Though he’s not named after a singer, Super Mario Bros. 3 introduces another recurring undead monster named after something musical. Dry Bones, the skeletal version of the Koopa Troopa, would seem to take his name from the spiritual song that’s also known as “Dem Bones.” A version of this song is the one that’s taught in nursery school as a way to make children learn the names to various human body parts, though I have to say, it’s not always correct. I am pretty sure the shoulder bone is not actually connected to the neck bone, but whatever.

 
 

There are parts of the other song that aren’t specifically about anatomy, however, and it’s from this part that the Super Mario character gets his name.

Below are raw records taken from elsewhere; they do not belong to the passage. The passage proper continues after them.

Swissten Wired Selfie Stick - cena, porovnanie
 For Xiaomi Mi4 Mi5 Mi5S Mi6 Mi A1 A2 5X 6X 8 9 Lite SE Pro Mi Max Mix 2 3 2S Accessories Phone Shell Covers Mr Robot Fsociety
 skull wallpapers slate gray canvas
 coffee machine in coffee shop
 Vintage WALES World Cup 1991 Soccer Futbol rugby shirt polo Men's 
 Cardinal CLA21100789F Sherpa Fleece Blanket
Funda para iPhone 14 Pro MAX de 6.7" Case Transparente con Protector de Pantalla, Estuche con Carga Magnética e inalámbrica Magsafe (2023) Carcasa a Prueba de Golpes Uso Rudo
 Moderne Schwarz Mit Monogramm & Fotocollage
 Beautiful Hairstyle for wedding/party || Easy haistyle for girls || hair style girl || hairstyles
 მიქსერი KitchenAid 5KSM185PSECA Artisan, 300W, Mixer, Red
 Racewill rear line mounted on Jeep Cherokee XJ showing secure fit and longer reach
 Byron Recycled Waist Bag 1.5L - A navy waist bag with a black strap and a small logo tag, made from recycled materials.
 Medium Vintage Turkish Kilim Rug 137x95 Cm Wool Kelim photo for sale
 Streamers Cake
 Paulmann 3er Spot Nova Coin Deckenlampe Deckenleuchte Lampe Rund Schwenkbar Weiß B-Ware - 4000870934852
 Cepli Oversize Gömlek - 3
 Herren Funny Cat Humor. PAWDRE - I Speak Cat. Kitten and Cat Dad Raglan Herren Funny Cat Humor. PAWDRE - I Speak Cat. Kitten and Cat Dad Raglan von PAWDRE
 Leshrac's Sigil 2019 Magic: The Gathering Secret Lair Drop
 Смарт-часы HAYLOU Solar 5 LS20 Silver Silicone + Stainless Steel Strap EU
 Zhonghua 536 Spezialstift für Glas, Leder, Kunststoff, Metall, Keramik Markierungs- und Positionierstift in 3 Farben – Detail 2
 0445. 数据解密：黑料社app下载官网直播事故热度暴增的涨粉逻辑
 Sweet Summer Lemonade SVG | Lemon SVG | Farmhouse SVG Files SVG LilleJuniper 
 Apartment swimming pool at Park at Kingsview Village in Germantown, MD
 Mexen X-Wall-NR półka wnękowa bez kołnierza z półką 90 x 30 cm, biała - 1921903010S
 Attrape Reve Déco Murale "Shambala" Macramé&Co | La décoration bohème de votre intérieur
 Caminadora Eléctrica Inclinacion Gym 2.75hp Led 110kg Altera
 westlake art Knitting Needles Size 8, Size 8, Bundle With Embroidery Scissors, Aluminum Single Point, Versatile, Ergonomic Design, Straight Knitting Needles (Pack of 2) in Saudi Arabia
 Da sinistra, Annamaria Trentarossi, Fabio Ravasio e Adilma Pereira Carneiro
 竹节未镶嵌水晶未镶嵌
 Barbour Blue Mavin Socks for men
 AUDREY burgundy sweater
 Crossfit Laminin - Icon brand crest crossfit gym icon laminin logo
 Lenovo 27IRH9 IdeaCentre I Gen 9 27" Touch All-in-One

Dem bones, dem bones, dem dry bones
Dem bones, dem bones, dem dry bones
Dem bones, dem bones, dem dry bones
Hear the word of the Lord

The song is actually all an allusion to the Biblical passage Ezekiel 37:1-14, in which the prophet Ezekiel has a vision of himself standing in what’s referred to as the Valley of Dry Bones. Ezekiel sees the bones reform into human skeletons and then regrow their muscle, flesh and skin. It’s not unlike how the Dry Bones enemy comes back to life after being stomped, just gorier. Because Super Mario Bros. 3 was released during the time Nintendo of America imposed a ban on most religious representation, I have to imagine that the localized name for Dry Bones either wasn’t caught or wasn’t thought to be religious enough. Then again, this is the Super Mario game that features a cameo by the Tower of Babel

In Japan, Dry Bones is called カロン or Karon, which is likely from an カランコロン or karankaron, an onomatopoeia that can refer to the the noise of wooden sandals, the jingle of a wooden chime or the noise of metal on glass. It’s pretty clearly also descriptive of the noise of the character’s bones clanking together as it reanimates. There is a popular western perception that it’s a reference to Charon, the ferryman of the River Styx, but I think the Japanese etymology makes a lot more sense.

The origins of the name get even more obscured when you get to Dry Bowser, because it’s not necessarily clear that he’s the Dry Bones version of regular, non-skeletal Bowser. Other skeleton versions of enemies aren’t named this way in English — for example, Fish Bone is not called Dry Cheep Cheep and Bony Beetle is not called Dry Buzzy Beetle.

68: The Chain Chomp, like the fire bar, was originally designed for Legend of Zelda.

At this point, the origin of the Chain Chomp is one of the better-known bits of Super Mario lore. The first telling of it in English, as far as I know, is in the January-February 1990 issue of Nintendo Power, in a preview of Super Mario Bros. 3.

Another new creature that is one of Miyamoto’s favorites is the chained “dog” (Chain Chomper) that first appears in the Sky World. “This is a strange enemy because it is chained and can’t get at Mario, which probably accounts for its vicious behavior,” Miyamoto said. As for the inspiration behind this mean character, Miyamoto mentions that he did have a “bad experience” with a dog when he was young.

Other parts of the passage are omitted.